In recent years, he represented the family of the former Serbian prime minister Zoran Djindjic, who was assassinated in 2003. Mr. Djindjic, a reformer who sought alliances with Europe, allowed for Mr. Milosevic and others to be extradited to The Hague to face war-crimes charges. Mr. Popovic argued that the assassination was essentially a coup attempt by nationalist supporters that involved far more than the 12 members of the secret police and organized crime who were convicted in the killing in 2007.
Mr. Popovic was born on Feb. 24, 1937, in Belgrade. His name sometimes appears with the middle initial M., a Serbian custom that signifies the first letter of his father’s first name. He received his law degree from the University of Belgrade in 1961.
His survivors include his wife and four children. He is not related to a prominent younger man of the same name who was among the leaders of Otpor, a student group whose demonstrations helped lead to the ouster of Mr. Milosevic in 2000.
In the 1970s, Mr. Popovic was a founding partner of the World Association of Lawyers, which focused on international legal issues. In the 1980s he was part of a prominent group of lawyers who tried to end the death penalty in Yugoslavia, where executions were carried out by firing squad. In the early ’90s he was president of the European Movement in Serbia, which supports integration with the European Union. 
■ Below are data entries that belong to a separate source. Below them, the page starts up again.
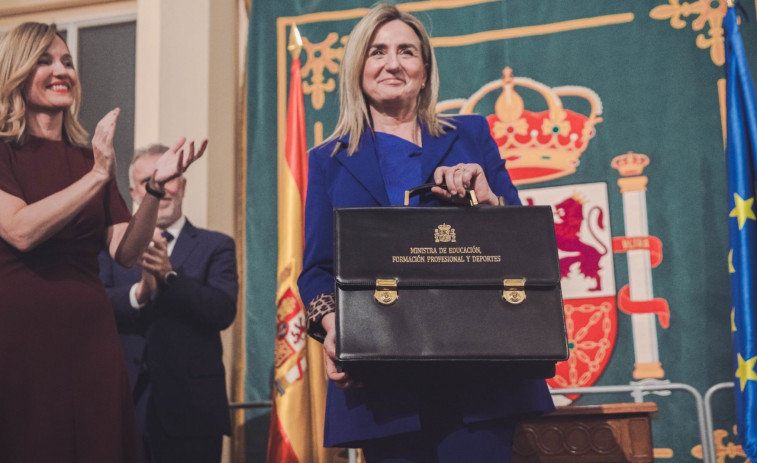 Pilar Alegria lliura la cartera ministerial  a Milagros Tolón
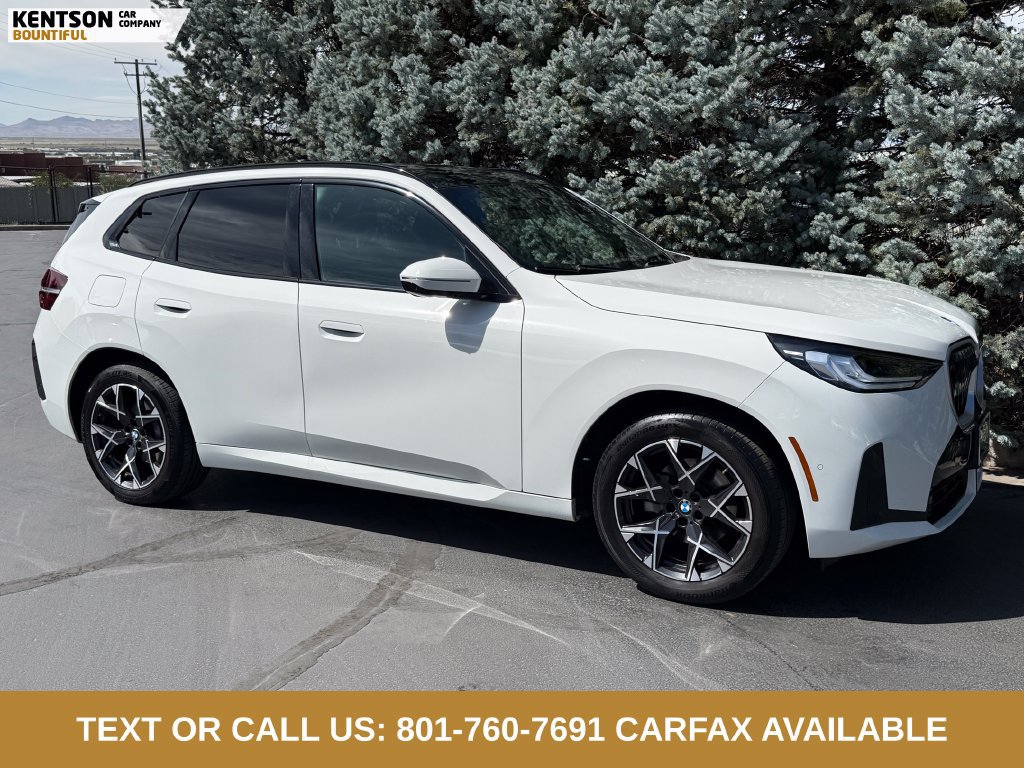 Used 2025 BMW X3 xDrive30i AWD/4WD image 11
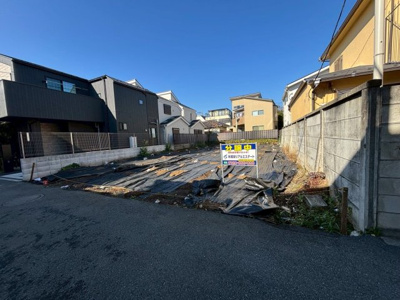 【前面道路含む現地写真】 | 杉並区成田東３丁目売地（B区画） | 南道路で陽当たりが良い立地です。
Mr. Popovic represented a wide range of clients, not just those whose political views he might share. He represented people accused of war crimes and political leaders who supported brutal violence. In the shifting and often confusing alliances and divisions of Balkan politics, he said one constant should be the right of everyone to an honest justice system.
“My father had an idealistic understanding that a lawyer is most needed for those who have many enemies, and those are political prisoners,” he once said. “Against them are the media, the state, the court, the prosecution, and sometimes even their family.”